## DATA TO EXAMINE
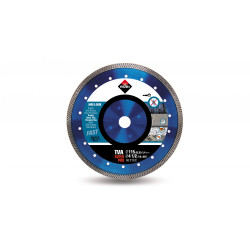 Diamond blade for hard materials, TURBO VIPER TVA 115 SUPERPRO edge | Great Price | Online Store - Norwit.pl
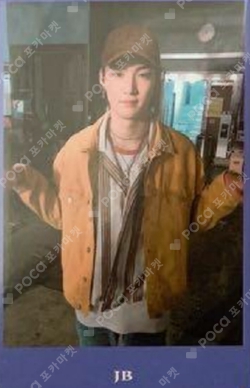 JAY B GOT7 タイ トレカ ジェボム BE Yourself 限定 GOT7 Jay B] Be Yourself / Official Photocard (검) | eBay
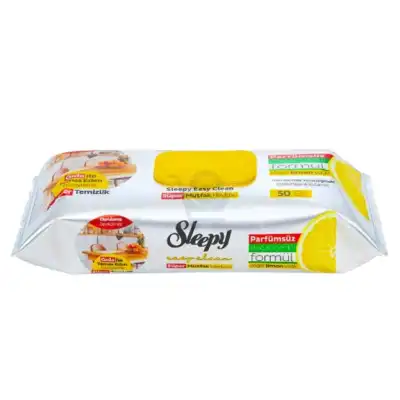 SLEEPY LEMON OIL KITCHEN TOWEL 50PCS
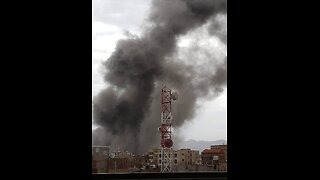 Targets of the attack in Yemen according to reports: The Houthi propaganda headquarters
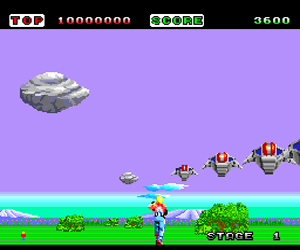 Space Harrier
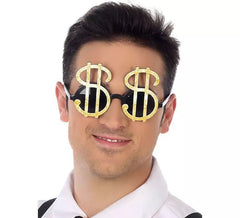 Gafas con Símbolo del Dólar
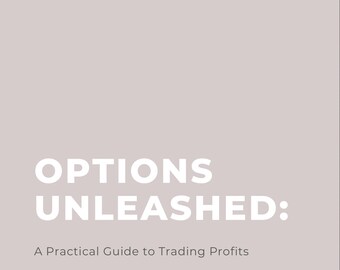 The Official Options Trading book the Basics & Scenarios Made Simple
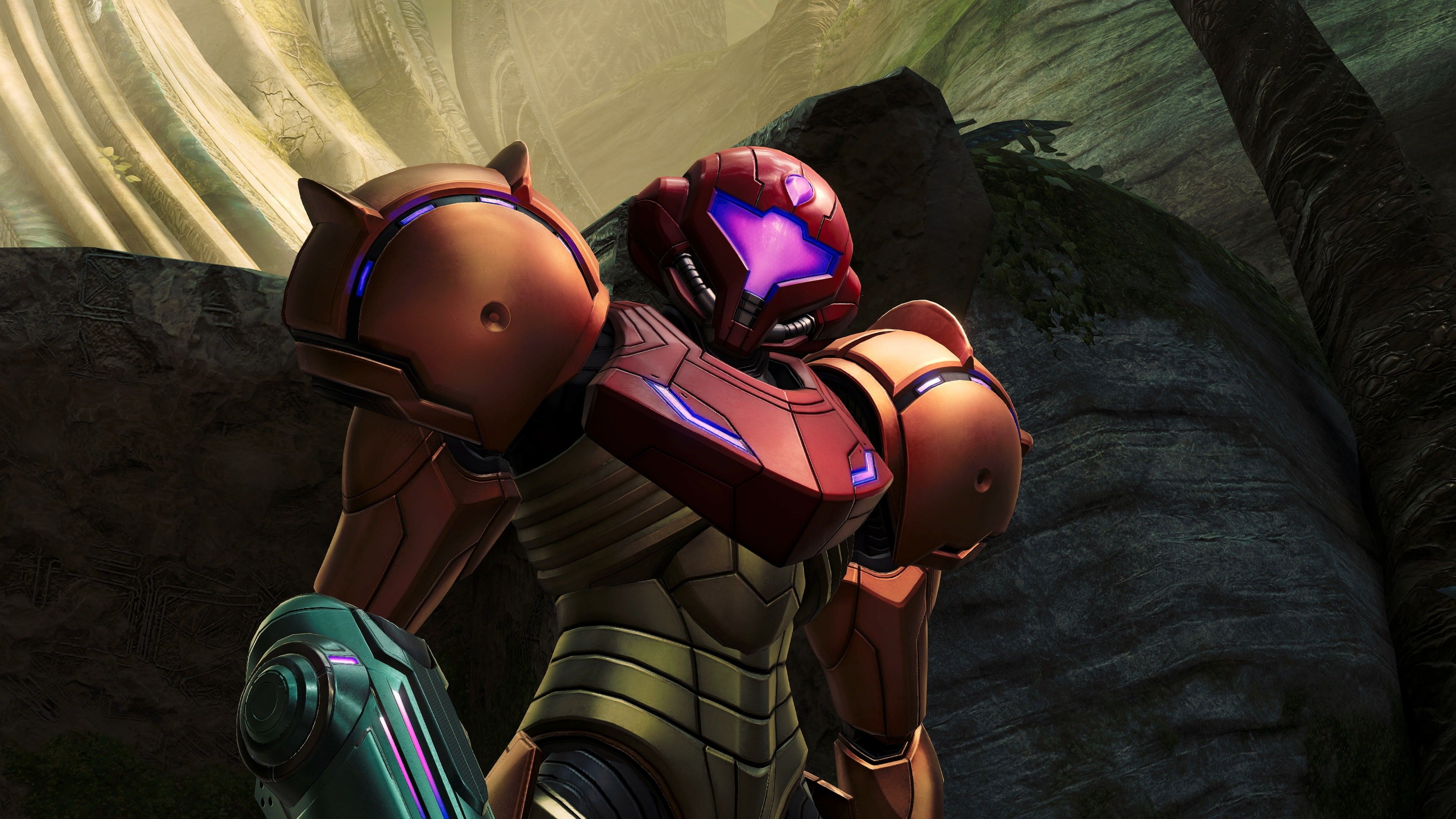 Samus en Metroid Prime 4: Más allá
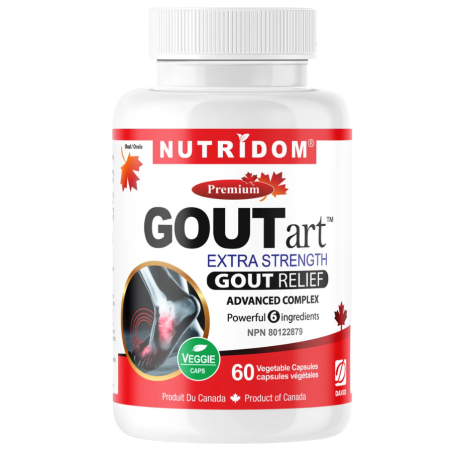 Nutridom GOUTart 60 vcaps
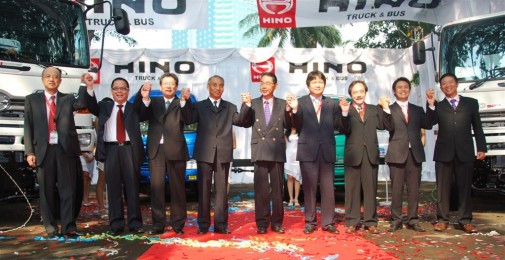 PT. Hino Motor Sales launching 7 Varian Baru Truk Hino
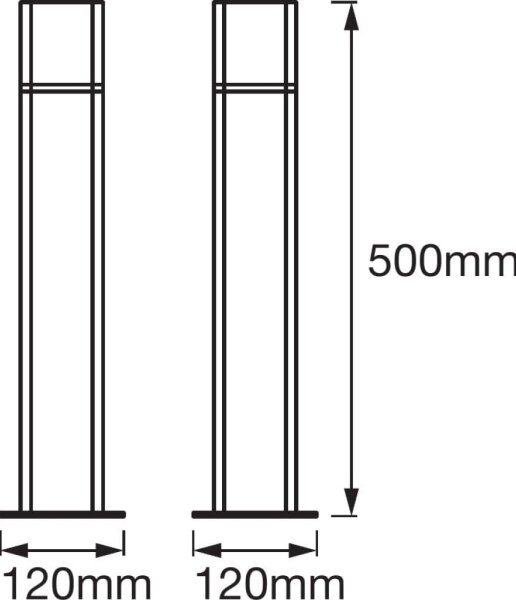 Ledvance - LED RGBW Λάμπα εξωτερικού χώρου SMART+ CUBE LED/9,5W/230V IP44 Wi-Fi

## WHAT TO PRODUCE
Restate word for word each line from the top of the listing down to and including the line that holds "SLEEPY LEMON OIL KITCHEN TOWEL 50PCS". Drop any pictures.

## RESPONSE BOX
 Diamond blade for hard materials, TURBO VIPER TVA 115 SUPERPRO edge | Great Price | Online Store - Norwit.pl
 JAY B GOT7 タイ トレカ ジェボム BE Yourself 限定 GOT7 Jay B] Be Yourself / Official Photocard (검) | eBay
 SLEEPY LEMON OIL KITCHEN TOWEL 50PCS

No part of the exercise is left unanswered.